Aussi, j’ai décidé d’écrire ce texte pour illustrer les besoins d’éducation d’enfants moins favorisés.
Pour la petite histoire. Vous dire que, derrière cette école et ces enfants, il y a de nombreuses initiatives, à commencer par la volonté du Fondateur de l’Association Aghbalou pour l’Éducation. Ceux qui vivent au Québec (Canada) depuis de nombreuses années ont connu le merveilleux ambassadeur du Maroc au Canada et homme de grande culture qu’était feu Tajeddine Baddou.
Eh bien, c’est son frère, aussi diplomate de carrière, M. Saâd Baddou, qui est à l’initiative de cette aventure d’éducation.
J’ai eu le grand privilège de le rencontrer à la fin de la semaine. Il m’a beaucoup fait penser à feu son frère : la même étincelle dans le regard qui s’anime lorsque nous discutions de projets d’éducation, de culture, la même voix, le même physique. Il m’a raconté le pourquoi du comment est née l’idée de construire une école de douar et soutient que tous ceux qui vont à la rencontre des enseignants, du personnel de l’école, sont pris d’affection et du désir de s’investir pour le développement et dans l’éducation de ces enfants et adolescents si attachants.
L’actuel ministre de l’Éducation nationale, M. Chakib Benmoussa, soutient les initiatives de développement des écoles des douars. Ce qui ravit M. Babbou qui n’a pas l’intention de baisser les bras et souhaite poursuivre sur « cette lancée avec le ministère en insistant sur l’ouverture des écoles sur les familles, sur les autres cultures, sur l’organisation d’échanges avec d’autres pays, etc. »
J’ai quitté l’école, à reculons, avec la promesse faite aux enfants de revenir les voir et leur enseigner chaque année pendant quelques semaines, histoire de constater leur avancement pour qu’ils poursuivent « leurs désirs et leurs plans de carrière ».
Plusieurs enfants m’ont dit qu’ils se trouvaient chanceux de pouvoir aller à l’école.

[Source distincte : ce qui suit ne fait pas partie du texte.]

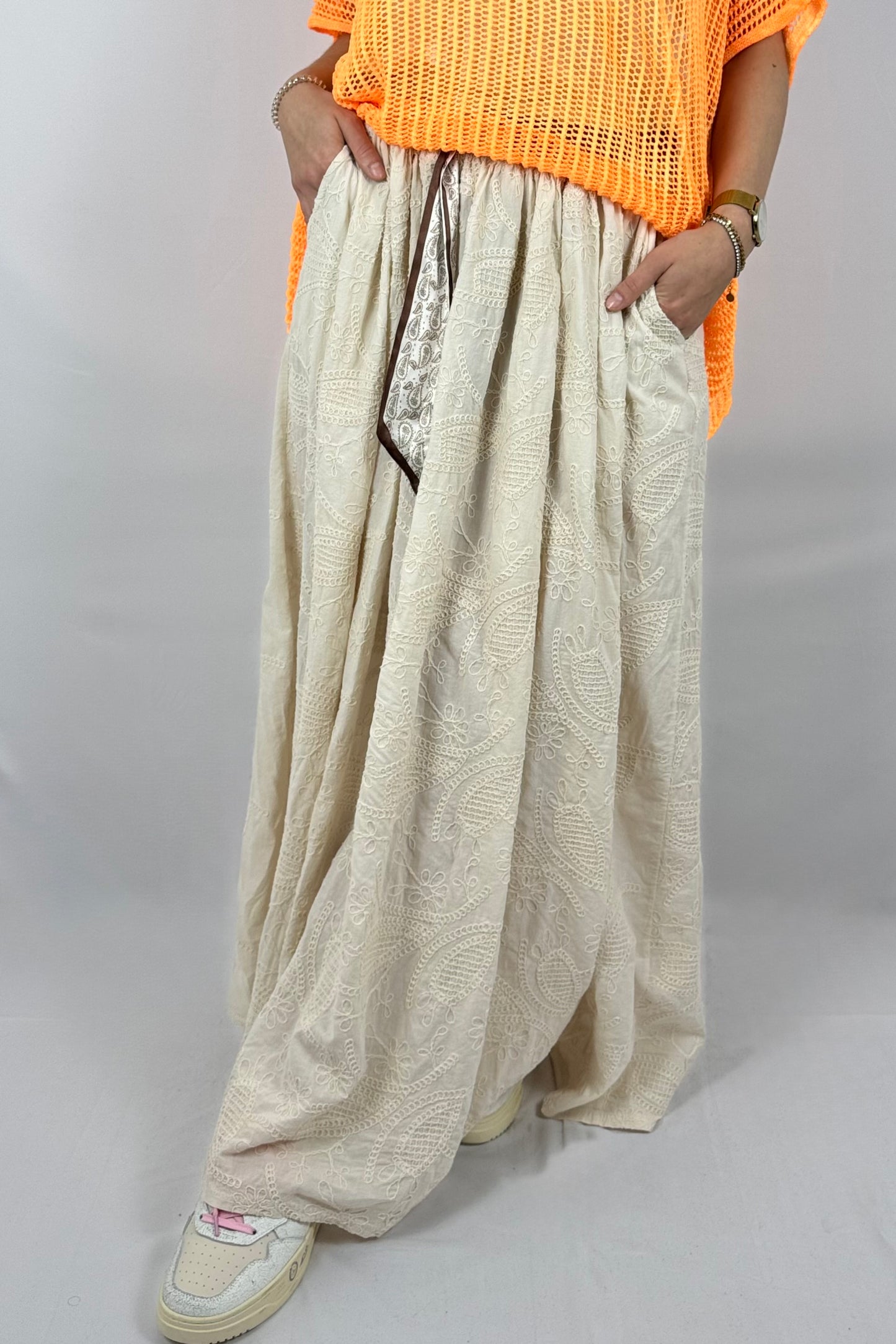 Boho Midi Rock mit Stickerei & Gürtel – Baumwolle -Butter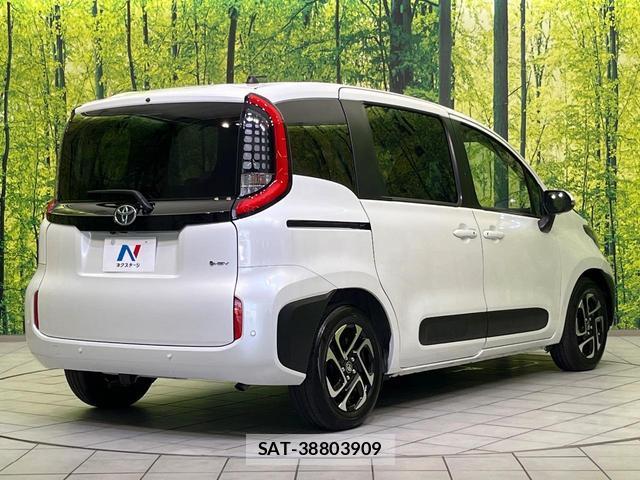 Toyota SIENTA 2024-06 8646730-17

Ils ont l’ambition de réussir et pour cela, ils sont épaulés par, non seulement des associations mais par des leaders associatifs, des enseignants dédiés, des coachs qui leur donnent les outils et les moyens d’y parvenir.
Et le plus merveilleux dans tout ça est qu’ils en sont conscients et reconnaissants envers quiconque ajoute à leur soif de connaissance.
Ce serait si formidable si la communauté marocaine à l’étranger, en collaboration avec les officiels, contribue à l’avancement des enfants des douars au Maroc. En leur envoyant des fournitures scolaires, des livres, ou sous forme de dons d’argent même les petites sommes sont bienvenues.
Et pourquoi pas faire de l’École Shib, un modèle et un exemple, en la considérant comme une école pilote pour l’avancement de l’éducation dans les douars marocains.